# Sanyo lens shift adjustment



## record_breaker (Feb 12, 2008)

Could someone explain how the vertical and horizontal lens adjustment on a projector like the Sanyo Z works? I've looked over the manual and it isn't clear to me how the range of motion operates, can the pictures position be adjusted anywhere from point a to b of the adjustment ark?


----------



## Anthony (Oct 5, 2006)

I don't know which Z you have, but yeah, it's that simple. There's some aberration in the image when it's at full throw (pixels are trapezoids instead of squares), but it's not nearly as bad as the keystone adjustment if your projector is too high or low. I have to really look for it to even see it.

I have my Z4 at max horizontal and just a little bit in the vertical. It allowed me to mount it on my equipment rack, rather than the ceiling in the back of the room.

Be sure to also engage the lock when you are done, or vibrations can cause the offset to drift.

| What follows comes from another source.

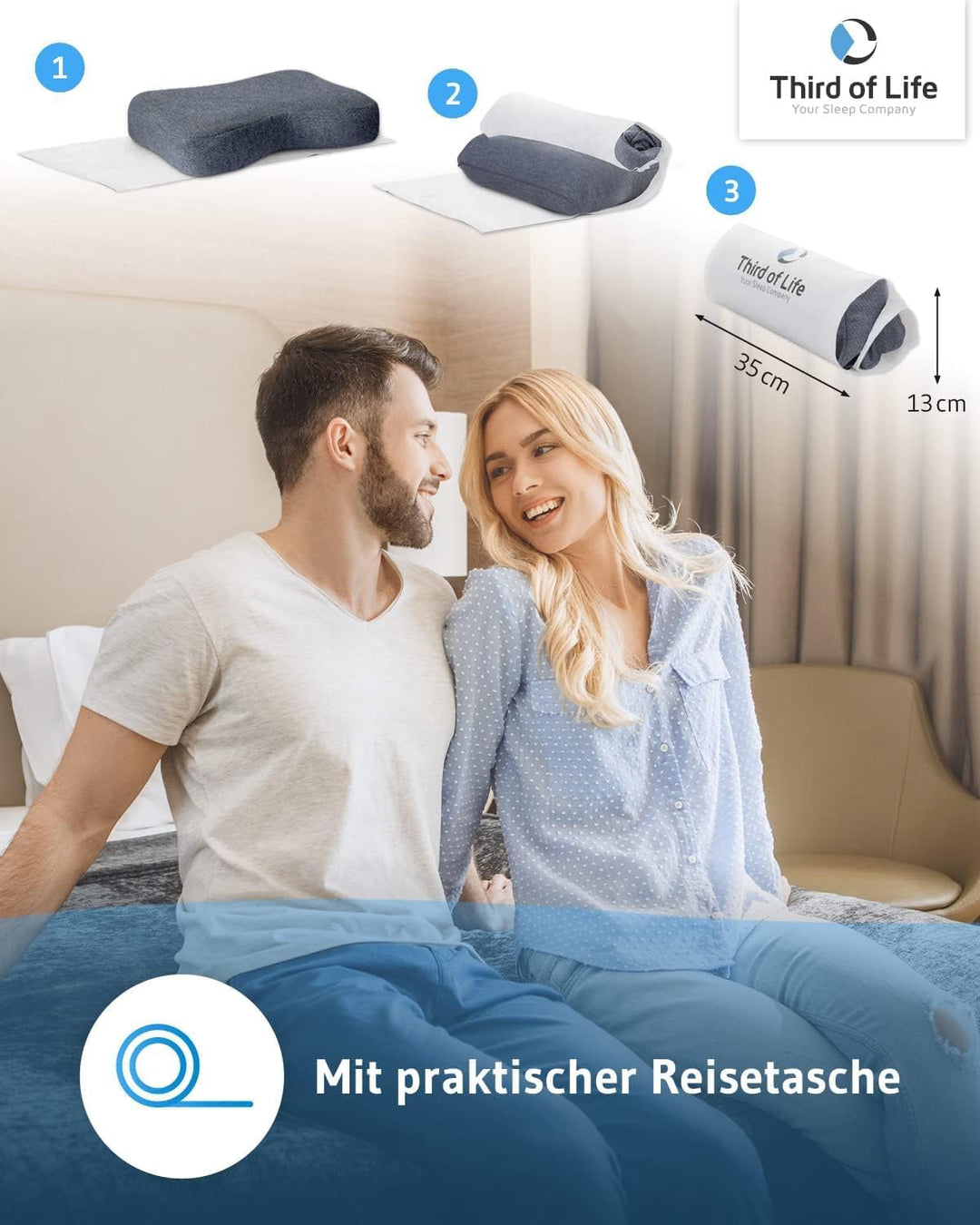 Seitenschläferkissen Recovery QuickDry – HWS-Nackenkissen gegen Nackenschmerzen für Rücken - & Seite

I hope this helps. Good luck.


----------



## record_breaker (Feb 12, 2008)

Anthony said:


> I don't know which Z you have, but yeah, it's that simple. There's some aberration in the image when it's at full throw (pixels are trapezoids instead of squares), but it's not nearly as bad as the keystone adjustment if your projector is too high or low. I have to really look for it to even see it.
> 
> I have my Z4 at max horizontal and just a little bit in the vertical. It allowed me to mount it on my equipment rack, rather than the ceiling in the back of the room.
> 
> ...


Really should have explained I'm in the process of shopping for a projector that has to have a generous amount of lens shift as my room is going to be tuff because of a low ceiling. I'm looking real hard at the Z5 so from what I read your z4 is pretty much the same, Thanks


----------